> Prompt:
Reproduce precisely the lines of the material below from the line containing "how to crack key pcap wireshark" up to and including its last line. Pictures must not be copied.

..........

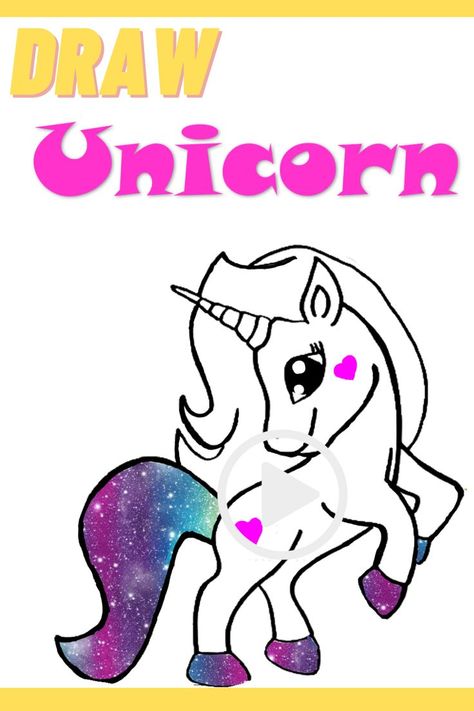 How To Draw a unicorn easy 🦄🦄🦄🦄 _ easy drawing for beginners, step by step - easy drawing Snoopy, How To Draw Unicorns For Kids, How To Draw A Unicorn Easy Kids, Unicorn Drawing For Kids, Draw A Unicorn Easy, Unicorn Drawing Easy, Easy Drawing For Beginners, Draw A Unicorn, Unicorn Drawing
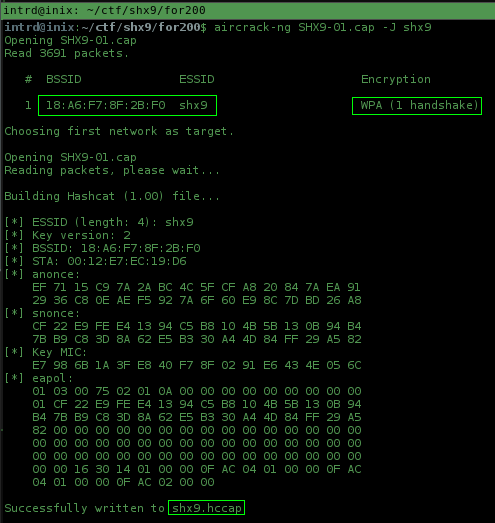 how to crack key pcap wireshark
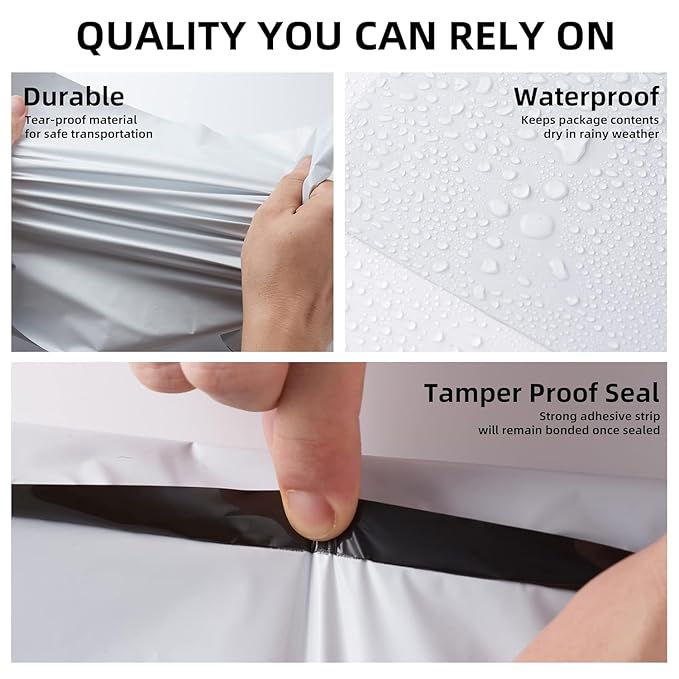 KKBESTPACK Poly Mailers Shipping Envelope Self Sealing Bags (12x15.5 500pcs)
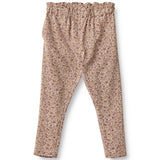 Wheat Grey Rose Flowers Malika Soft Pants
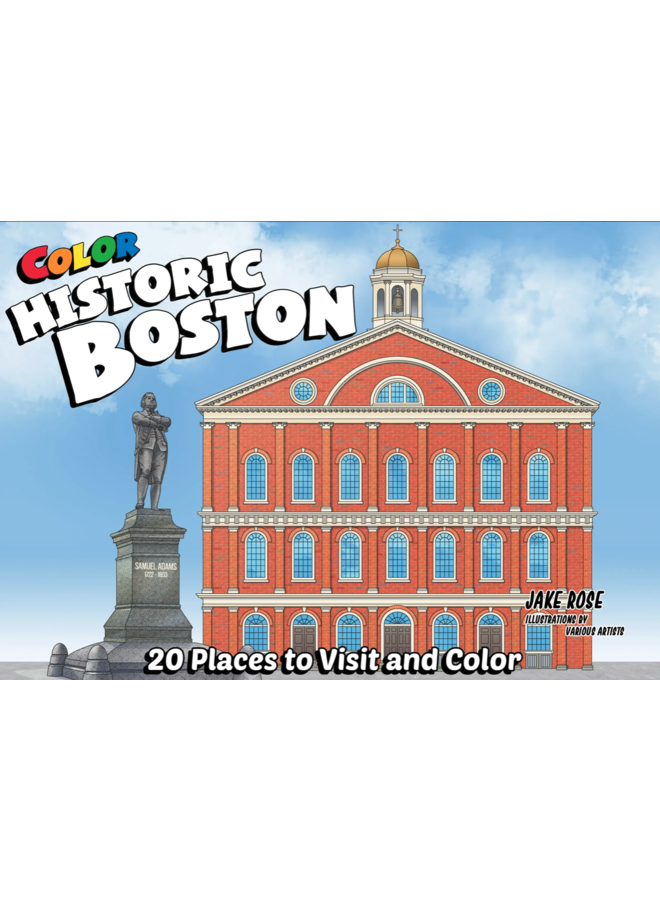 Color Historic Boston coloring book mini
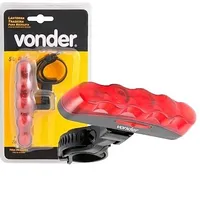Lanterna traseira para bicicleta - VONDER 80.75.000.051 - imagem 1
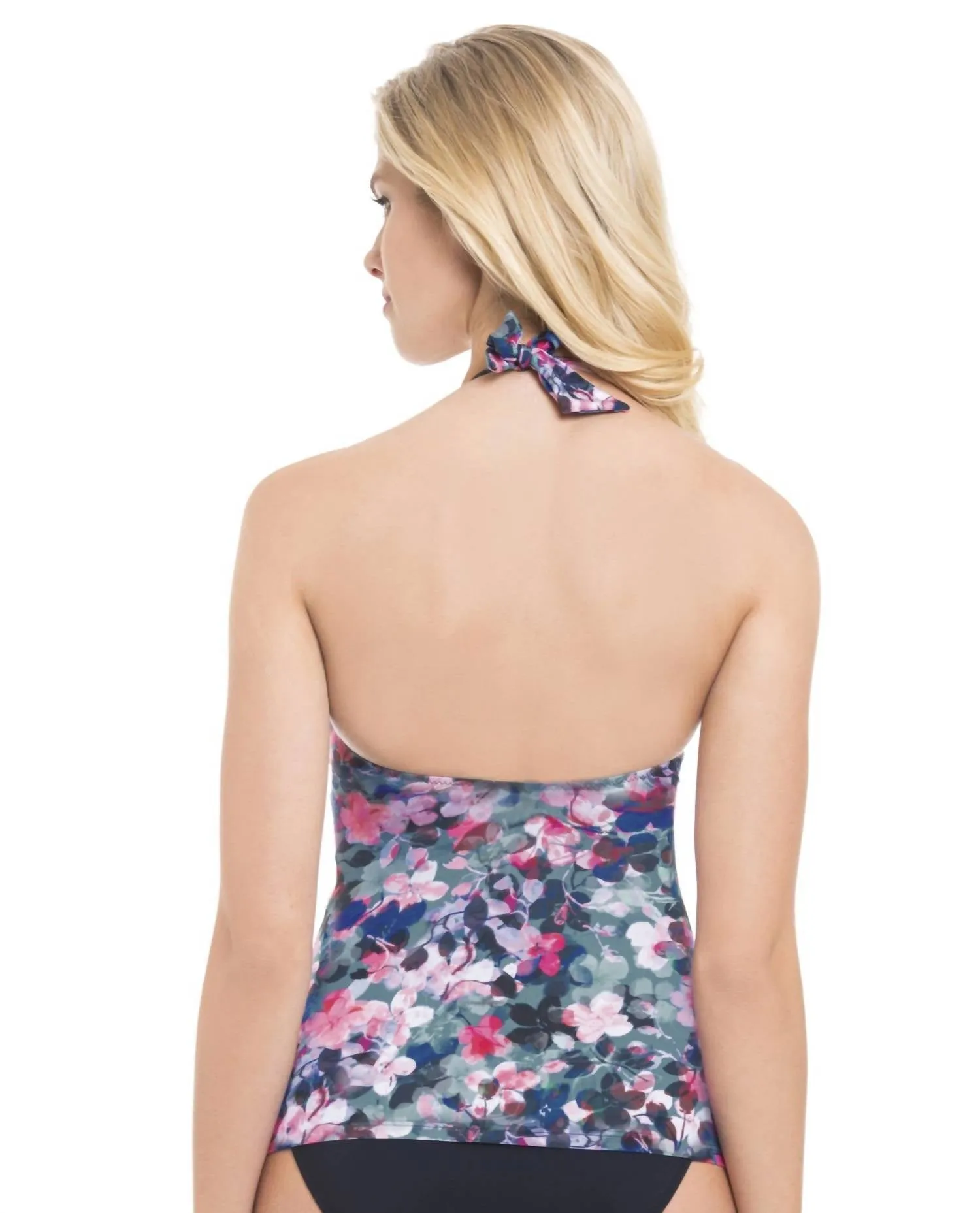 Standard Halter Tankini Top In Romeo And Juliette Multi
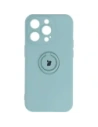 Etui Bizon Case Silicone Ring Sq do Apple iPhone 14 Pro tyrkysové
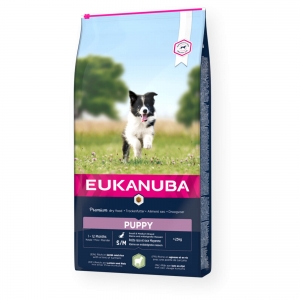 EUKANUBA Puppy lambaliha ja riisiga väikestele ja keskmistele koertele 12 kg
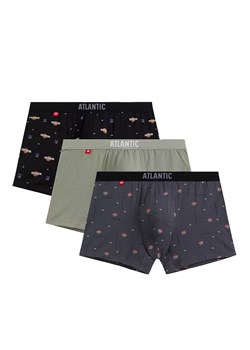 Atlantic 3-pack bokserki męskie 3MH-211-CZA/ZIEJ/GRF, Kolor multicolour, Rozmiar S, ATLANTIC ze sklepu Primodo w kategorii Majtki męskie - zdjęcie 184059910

..........

> Result of this exercise:
 how to crack key pcap wireshark
 KKBESTPACK Poly Mailers Shipping Envelope Self Sealing Bags (12x15.5 500pcs)
 Wheat Grey Rose Flowers Malika Soft Pants
 Color Historic Boston coloring book mini
Lanterna traseira para bicicleta - VONDER 80.75.000.051 - imagem 1
 Standard Halter Tankini Top In Romeo And Juliette Multi
 Etui Bizon Case Silicone Ring Sq do Apple iPhone 14 Pro tyrkysové
 EUKANUBA Puppy lambaliha ja riisiga väikestele ja keskmistele koertele 12 kg
 Atlantic 3-pack bokserki męskie 3MH-211-CZA/ZIEJ/GRF, Kolor multicolour, Rozmiar S, ATLANTIC ze sklepu Primodo w kategorii Majtki męskie - zdjęcie 184059910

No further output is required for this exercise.